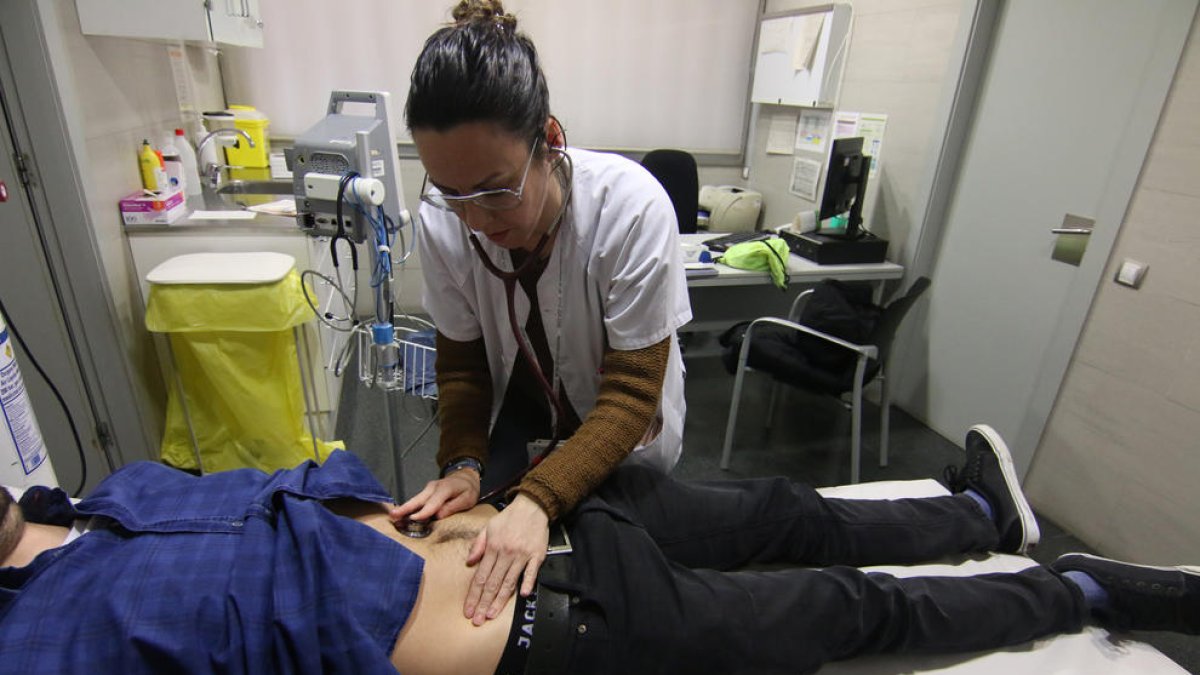 Una doctora chequea el estado de un paciente que ha llegado al CAP de Rambla Ferran a través del Servicio de Atención Continuado.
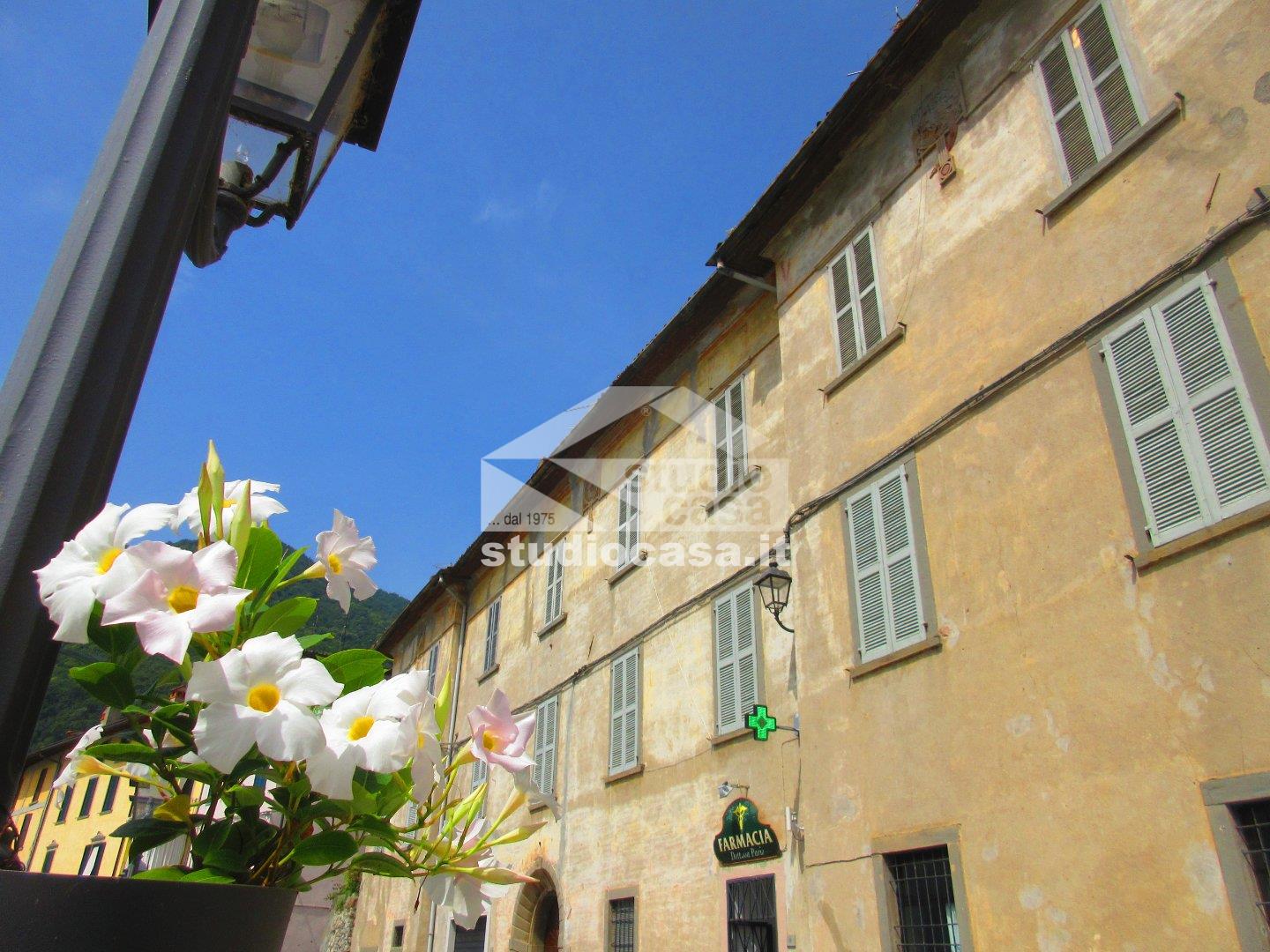 Appartamento in vendita a Riva di Solto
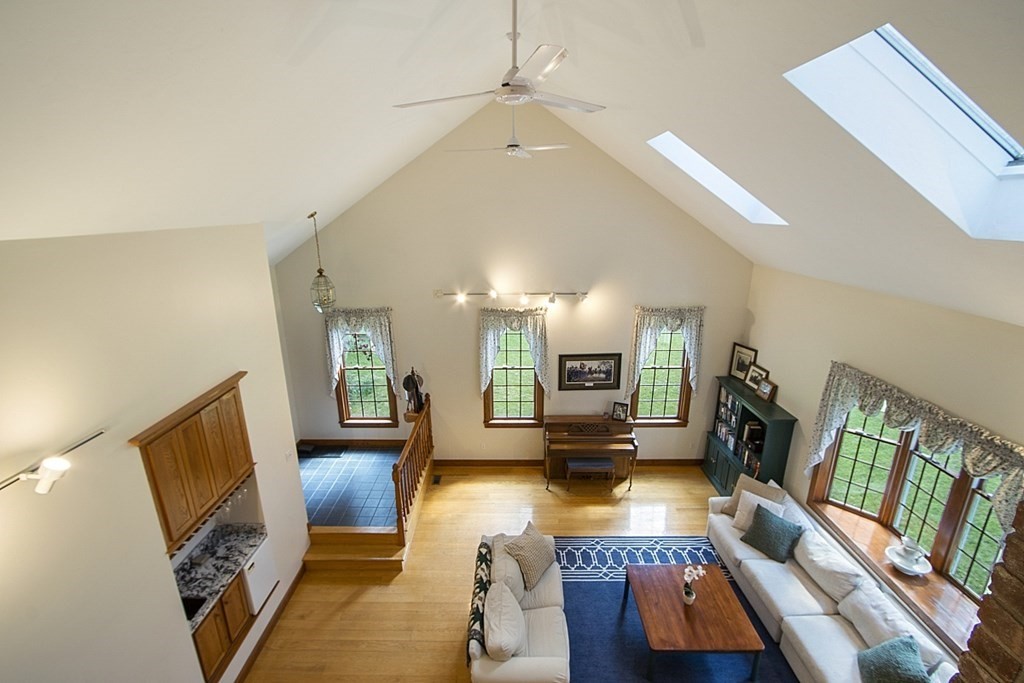 69 Snow Road West Brookfield, MA 01585 - Photo 6 of 42 Gallery Image 6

* * *

* **Brief**:
In the copy, include no pictures; restate the listing above exactly.

* **Answer box**:
 Una doctora chequea el estado de un paciente que ha llegado al CAP de Rambla Ferran a través del Servicio de Atención Continuado.
 Appartamento in vendita a Riva di Solto
 69 Snow Road West Brookfield, MA 01585 - Photo 6 of 42 Gallery Image 6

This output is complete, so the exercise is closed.